Ik maakte kennis met een gewas dat op vele plekken in Europa als schadelijk wordt beschouwd, maar eigenlijk een enorm potentieel heeft. En het komt bijna over de hele wereld voor.

Zoete snackknol
“Hier,” zei ze, “proef eens.” In plaats van een schoteltje pinda’s of blokjes kaas, zette Martine mij een portie droge knolletjes voor. Ze waren één tot anderhalve centi­meter lang en omgord door bredere cirkels. Ik proefde: ze smaakten wat naar amandel, kastanje, maar ook naar kokosnoot. Ze hadden ook de beet van rijpe kokosnoot. Martine, mijn Afrikaanse bron van inspiratie, beweert dat het een specialiteit is uit West-Afrika, ze noemt ze pois sucré en tchongon.
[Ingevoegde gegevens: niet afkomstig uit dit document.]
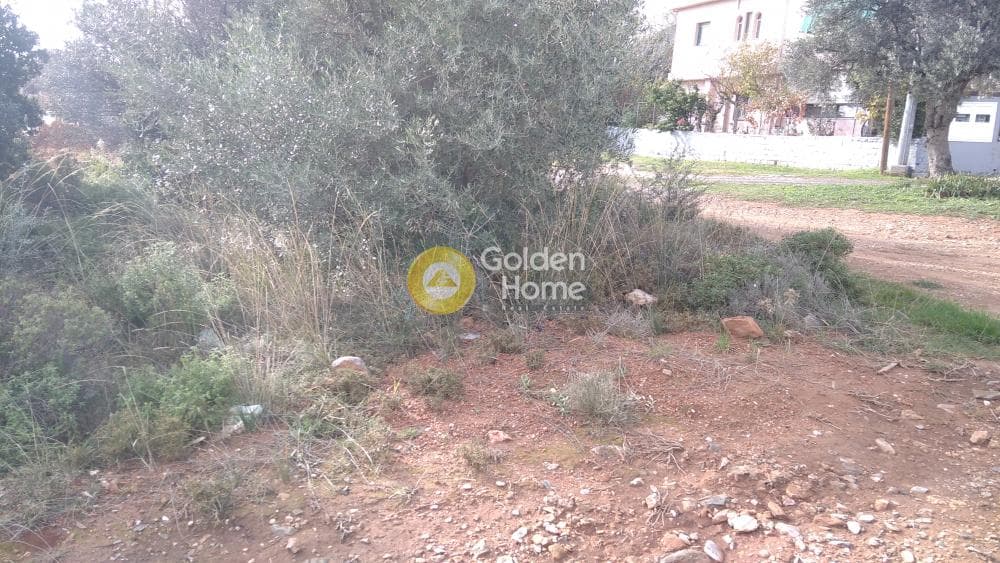 Building Plot in Centre, Glika Nera — Photo 9 of 10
Ik herkende de zoete bolletjes onmiddellijk, ook al had ik ze nog nooit in de hand (of de mond) gehad. Dit zijn aardamandelen, chufas.
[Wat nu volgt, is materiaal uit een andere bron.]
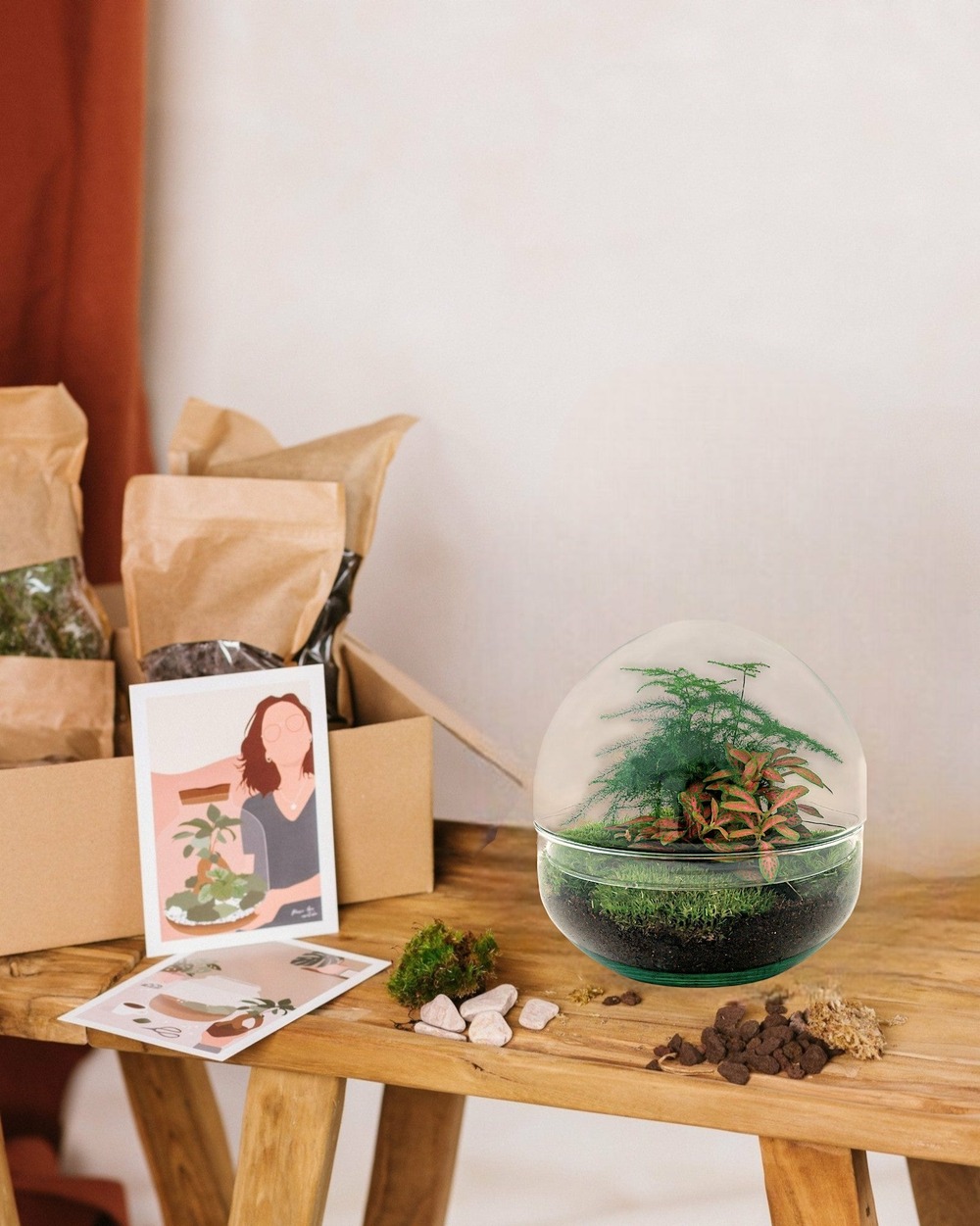 Kit terrarium diy - dome asparagus/fittonia rouge - sans outil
De aardamandel werd al gegeten door de voorlopers van de mens in Afrika
Oude oogst
De aardamandel is een knolletje dat groeit aan een cypergras, Cyperus esculentus. Het is een plant uit de familie van de papyrus, verwant met de grassen maar toch net weer anders. Het is eigenlijk een moerasplant die zich vermeerdert met wortelstokken. In de modder aan de onderaardse wortels vormt de plant knolletjes. De aardamandel werd al gegeten door de voorlopers van de mens in Afrika.

Hij werd geteeld in de tijd van de Oude Egyptenaren en de plant heeft zich ver verspreid: tot in West-Afrika zoals gezegd, in Zuid-Amerika, maar ook dichterbij in Italië en in Spanje waar hij chufa wordt genoemd en een specialiteit is van de stad Valencia. In Noord-Amerika worden de knolletjes al minstens 11.000 jaar gebruikt door de plaatselijke bevolking. En in Azië komen ze ook al voor.

Een invasieve exoot? Dit plantje lijkt eerder een gewas van de toekomst
Inheems of exoot?
Bij ons beschouwde Emile Stappaerts van de Vilvoordse Rijkstuinbouwschool de aardamandel als inheems, Hij zag er een tuinbouwproduct ‘van tweede orde’ in. Stappaerts gaf in zijn tuinbouwhandboek (1929) trouwens richtlijnen voor de teelt. Je plant de knolletjes in maart gewoon buiten, je kan oogsten vanaf september.

Vandaag zou dat landbouwspecialisten bleek doen uitslaan. Deze ‘vergeten groente’ kwam zo’n dertig jaar geleden terug met geïmporteerd plantgoed (van gladiolen, schrijft men) en wordt hier nu beschouwd als een invasieve exoot, die op alle wijzen moet worden bestreden. Dat zal moeilijk gaan wanneer ik in de Belgicalaan, aan de grens van Jette met Molenbeek, de gedroogde knolletjes kan kopen met kilo’s tegelijk. Ik legde ze een nachtje te week in kraantjeswater en de volgende ochtend zagen ze er behoorlijk levenskrachtig uit.

Gewoon, drogen, roosteren of anders
Je kan aardamandelen zo eten, je kan de gedroogde knolletjes ook roosteren en allicht ook koken, al zal het parfum dan mogelijk verdwijnen, ik denk dat er onder meer blauwzuur in zit, zoals in echte amandelen. In Zuid-Amerika eten ze de geweekte chufas als ontbijtgranen, met melk. Ik maakte met mijn knolletjes een Spaanse horchata de chufa.

Het recept is doodsimpel: laat een kwart kilo een nachtje weken, doe ze in de blender met wat water en draai ze fijn. Leng de pap gaandeweg aan met water tot een liter. Filter de vloeistof door een zeefje in een kan en schenk uit aan kinderen en vrienden. Heerlijk. In Valencia doen ze er extra suiker en desnoods ook kaneel bij (toevoegen tijdens het blenden).

Chufas zijn behoorlijk voedzaam. Ze bevatten suiker, zetmeel, proteïne en tot 36% olie, voor het grootste deel onverzadigd. In Californië, waar de plant ook welig tiert, ontdekte men dat met een redelijke opbrengst anderhalve ton olie per hectare zou kunnen worden geoogst voor biodiesel. Elk jaar weer! De aardamandel een invasieve exoot? Dit plantje lijkt eerder een gewas van de toekomst. Smakelijk.